MOLOC pursues three routes in parallel, i.e. optical, electrical and chemical addressing, for providing inputs to molecular quantum systems and taking advantage of their internal degrees of freedom. In order to reach the objectives and remain focused, the research efforts of the eight MOLOC participants are organized into four interconnected S/T work packages:-

• WP1 is a theoretical WP whose functions are to collaborate with the experimental participants in the design of novel logic schemes, the characterization of new properties emerging in the experimentally implemented structures, the investigation of dynamics upon optical and electrical addressing, and the theoretical investigation of non Boolean logic for optical and electrical addressing and parallel computing. WP1 gathers two participants: Prof. R. D. Levine (HUJI, work-package leader) and Prof. F. Remacle (ULg)

• WP2 is devoted to optical addressing of molecular and atomic structures as dopants in solid state, in surface layers and in solution. The WP is essentially defined by the application of (coherent and incoherent) optical interactions between several laser pulses and matter, e.g. implementing resonant multi-photon excitations. The WP gathers four principal investigators (PIs) from three participants : Prof. T. Halfmann (TUKL, work package leader) and Prof. K. Bergmann (TUKL), Prof. R. Weinkauf (UDUS) and Prof. K. L. Kompa (MPQ)

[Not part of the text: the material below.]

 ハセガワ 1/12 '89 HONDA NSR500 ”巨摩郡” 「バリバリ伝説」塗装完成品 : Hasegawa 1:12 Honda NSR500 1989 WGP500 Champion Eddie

• WP3 is devoted to the synthesis of functionalized nanostructures on surfaces. The electronic functions of the nanostructures will then be triggered by electrical, electrochemical, optical or chemical inputs. This is lead by Prof. Itamar Willner(HUJI).

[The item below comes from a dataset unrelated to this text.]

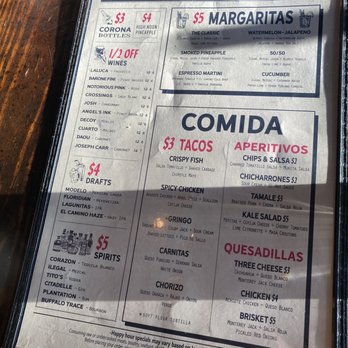 El Camino - Happy hour menu - Cocktail Bars Near Me - Delray Beach, Florida El Camino - Happy hour menu - Cocktail Bars Near Me - Delray Beach, Florida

• WP4 is devoted to the electrical addressing of molecular systems in a solid, dry state configuration. The addressed systems will range from artificial dopant molecules to hybrid nanoparticle-molecule systems deposited in various nanoelectrode configurations. WP4 gathers three PIs from two participants: Prof. Sven Rogge (TU-Delft, WP leader) and Prof. Rainer M. Waser and Dr. Silvia Karthäuser (FZ-Jülich).
WP5 is devoted to management and assessment of progress and results. The workpackage leader is the coordinator, Prof. F. Remacle (ULg). WP6 deals with dissemination and IPR protection. It is lead by Prof. R. M. Waser (FZ-Jülich).

The four S/T workpackages are strongly interconnected as can be seen from the common tasks, deliverables and milestones listed in the work packages descriptions (Tables 1.3c) below. More details about the work planned can be found in the Supplements related to each WP’s at the end of section 1.3.
• The design and implementation of complex molecular logic schemes at the laboratory level requires a close interaction between WP1 and the experimental WP2, WP3 and WP4.
• WP1 will provide support towards a physical understanding of the dynamics charge and energy transfer, and of the conformational changes initiated by optical and/or electrical inputs. The latter are the basis for processing the information at the molecular scale and realizing complex operations. The teams in WP1 exhibit a broad theoretical experience in implementing logic by coherent and multi-photon excitation schemes, which is a solid basis for cooperation with WP2. Moreover, the teams in WP1 have also explored electrical properties of quantum dots arrays which provides its close links to WP3 and WP4
• WP3 will provide hybrid-nanostructures, which will also be electrically addressed in the nanostructure configurations realized in WP4. This will provide new insights into the physical understanding of charge transport properties and into the design of more complex molecular logic schemes.
• Besides experiments using chemical addressing, WP3 will provide molecular samples, such as new molecular dopants suited for optical addressing (WP2) and immobilization (WP4).
• The functionalization of nanoparticles by photoactive, electroactive and chemi responsive capping monolayers will be undertaken within WP3 and provided to WP4. Tailored synthesis for WP2 will be provided by participant 6 (IW).
• A major part of the experimental projects in WP2 and WP4 are characterized by complementary routes towards addressing of quantum systems. While WP2 deals (among other tasks) with optical addressing of atomic or molecular dopants in solids, WP4 deals with electrical addressing of atomic and molecular dopants in solids. In both cases, the relevant media are dopants in solids, while the addressing is established in alternative, i.e. complementary, ways. Moreover, some projects of WP2 deal with the readout of molecular logic on surfaces by electron transfer or electron emission. This technique connects a basic concept of WP2, i.e. optical addressing of molecules, with the basic concept of WP4, i.e. electronic addressing.